@Dave Oldham:
Ah, another child who fails at Internet 101: "How To Search The Internet And Not Look Like An Idiot."
The popular myth is that Macs (since OS X became the standard OS for them) don't get viruses. To be fair, this is technically correct: there are indeed no known viruses on OS X.
Older, pre-OS X versions of the Mac OS did occasionally suffer from the occasional virus as that older OS had a much more basic security model and barely supported multitasking properly. (It shared a lot in common with pre-NT versions of Windows in that area.)
OS X was derived from NeXTSTEP, which was in turn built on a BSD UNIX variant. UNIX was designed from the outset as a multi-user operating system and has a very strong security model.
The article is not talking about a virus however. It is talking about a trojan. A trojan requires user interaction to install itself, usually by pretending to be something the user might want to install—hence the name, "trojan". It relies on the weakest link in any OS' security chain: the users themselves. By default, OS X 10.8 ("Mountain Lion", the version that was released today) prevents any unsigned application from installing. You have to go into the Preferences panels and explicitly tell OS X to allow unsigned application to install too.

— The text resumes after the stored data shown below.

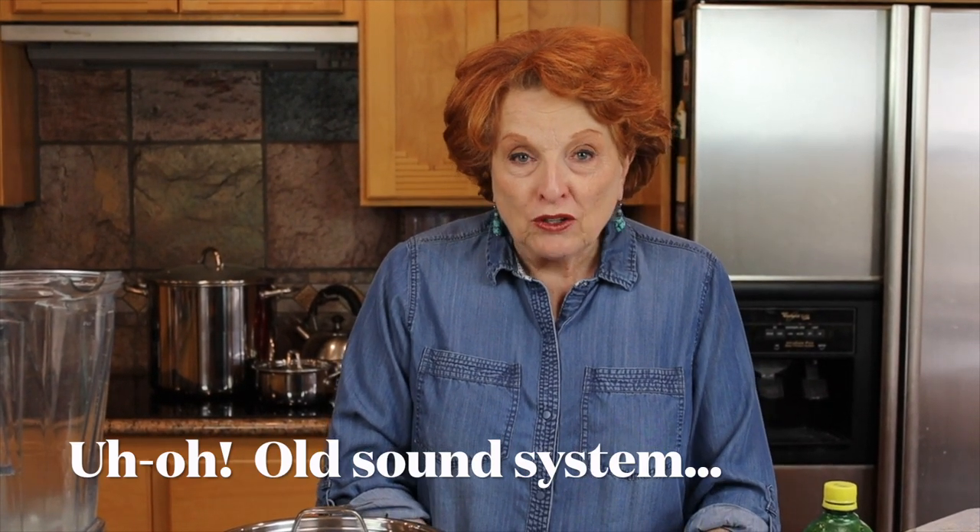Hi and welcome to our weekly micro moment. Today we are going to revisit canning tomato sauce because I have a great shortcut for you that was suggested by one of our viewers.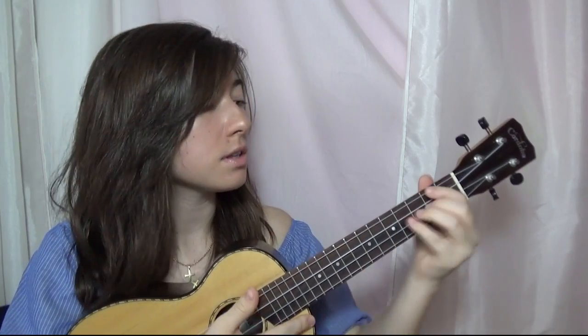For the strumming, I go down, down, up, change chord, down. So at the beginning that'll be like: let's go in the garden, you'll find something waiting. And then jump down to the main part — the everything stays — I just strum when the chord changes. Everything stays right where you left it. Everything stays.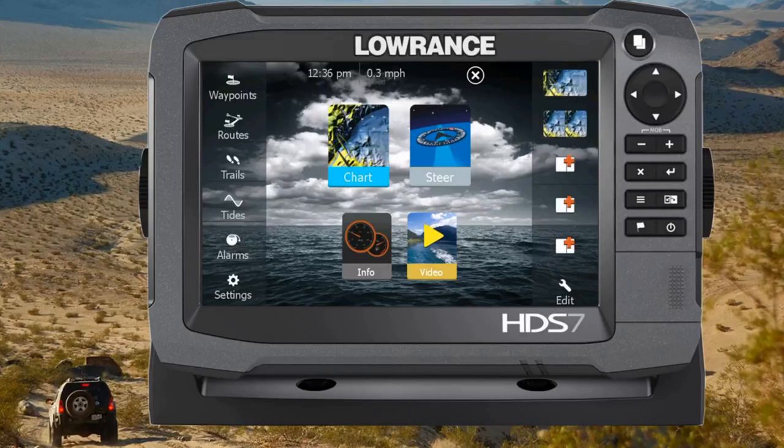This is Steven from Rugged Routes back for another quick tutorial on the Lowrance HDS units. Today I just want to show you something quick and simple — it's how to change the background, also known as the wallpaper, on the home screen of your Lowrance. A lot of people don't realize that this is doable, but a lot of times these units come with backgrounds that are more marine or fishing oriented, and we're going to change that up a bit.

A good IT Admin will set that same Preference panel to its most paranoid setting: "Only allow Mac App Store apps to install." This adds an additional layer of security.
Furthermore, the trojan in question is actually a vulnerability in Oracle's Java VMs, not OS X itself. Note that it attacks Windows as well, and requires the user's password to actually install its nasty bits.
Apple haven't been responsible for the OS X version of Java since the release of OS X Lion. Neither are Microsoft responsible for bugs in Oracle's Java VM for Windows.
The security failure lies with Oracle.
Granted, it'd be nice if the OSes were 100% bulletproof and perfect, but the OS that can unerringly spot a user doing something seriously bloody stupid has yet to be developed. Not even GNU / Linux is impervious to such social engineering vectors.
And yes, GNU / Linux-based web-servers are hacked on a frequent basis. What do you think many of those hacked databases full of emails, passwords, and other user details we keep hearing about were running on? BeOS? Why do you think there are companies out there offering specialised "security hardened" Linux distros? If GNU / Linux were that secure out of the box, such distros wouldn't be necessary, would they?
There is, in fact, only one way to ensure you never get hit by a trojan: never install any software you don't trust. On Macs, that means sticking with the curated App Stores for the most part, and only venturing outside the gated community when you really need to. Apple won't stop you if you're determined to go on such an adventure. That's Apple's fundamental design philosophy: you can't assume your users are trained in IT administration, so you simplify things for them and reduce the need for such training in the first place.
The best anti-malware solution is to not install malware in the first place.